- **Data for review**
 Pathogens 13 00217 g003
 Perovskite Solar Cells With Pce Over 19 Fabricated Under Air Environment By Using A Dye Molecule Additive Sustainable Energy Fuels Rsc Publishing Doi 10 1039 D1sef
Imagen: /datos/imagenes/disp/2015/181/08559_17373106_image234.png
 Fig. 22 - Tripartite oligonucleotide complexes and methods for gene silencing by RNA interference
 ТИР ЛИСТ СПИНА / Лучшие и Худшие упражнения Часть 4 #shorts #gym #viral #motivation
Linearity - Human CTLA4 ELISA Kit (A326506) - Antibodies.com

---

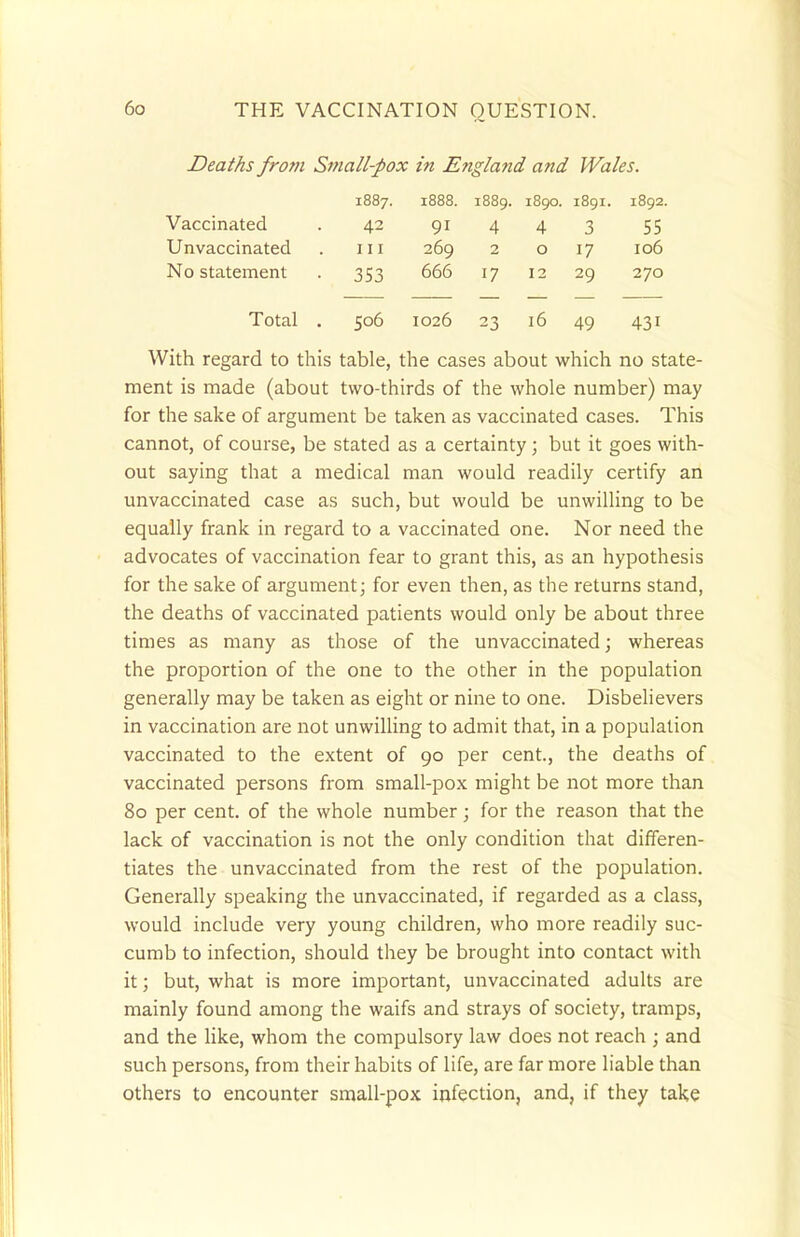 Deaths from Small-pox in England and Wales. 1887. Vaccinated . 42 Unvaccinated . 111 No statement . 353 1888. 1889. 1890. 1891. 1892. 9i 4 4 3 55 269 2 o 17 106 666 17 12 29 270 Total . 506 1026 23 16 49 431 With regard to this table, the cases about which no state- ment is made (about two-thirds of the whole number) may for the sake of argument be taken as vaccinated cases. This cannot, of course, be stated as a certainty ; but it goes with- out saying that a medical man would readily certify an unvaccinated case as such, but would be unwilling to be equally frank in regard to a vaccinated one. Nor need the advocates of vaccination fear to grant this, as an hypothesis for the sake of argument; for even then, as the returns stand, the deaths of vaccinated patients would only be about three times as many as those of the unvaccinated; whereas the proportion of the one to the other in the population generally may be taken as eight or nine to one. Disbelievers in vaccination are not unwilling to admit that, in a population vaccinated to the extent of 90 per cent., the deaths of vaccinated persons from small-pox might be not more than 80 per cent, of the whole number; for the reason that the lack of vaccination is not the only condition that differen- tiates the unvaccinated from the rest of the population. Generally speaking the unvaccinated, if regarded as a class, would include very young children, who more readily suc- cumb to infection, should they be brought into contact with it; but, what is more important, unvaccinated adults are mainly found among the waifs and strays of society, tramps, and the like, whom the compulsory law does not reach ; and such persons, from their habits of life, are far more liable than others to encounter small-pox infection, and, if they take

- **Task directions**
Retype exactly the lines of the data above that fall between the line with "ТИР ЛИСТ СПИНА" and the line with "Linearity - Human", inclusive, and add nothing.

- **Response area**
 ТИР ЛИСТ СПИНА / Лучшие и Худшие упражнения Часть 4 #shorts #gym #viral #motivation
Linearity - Human CTLA4 ELISA Kit (A326506) - Antibodies.com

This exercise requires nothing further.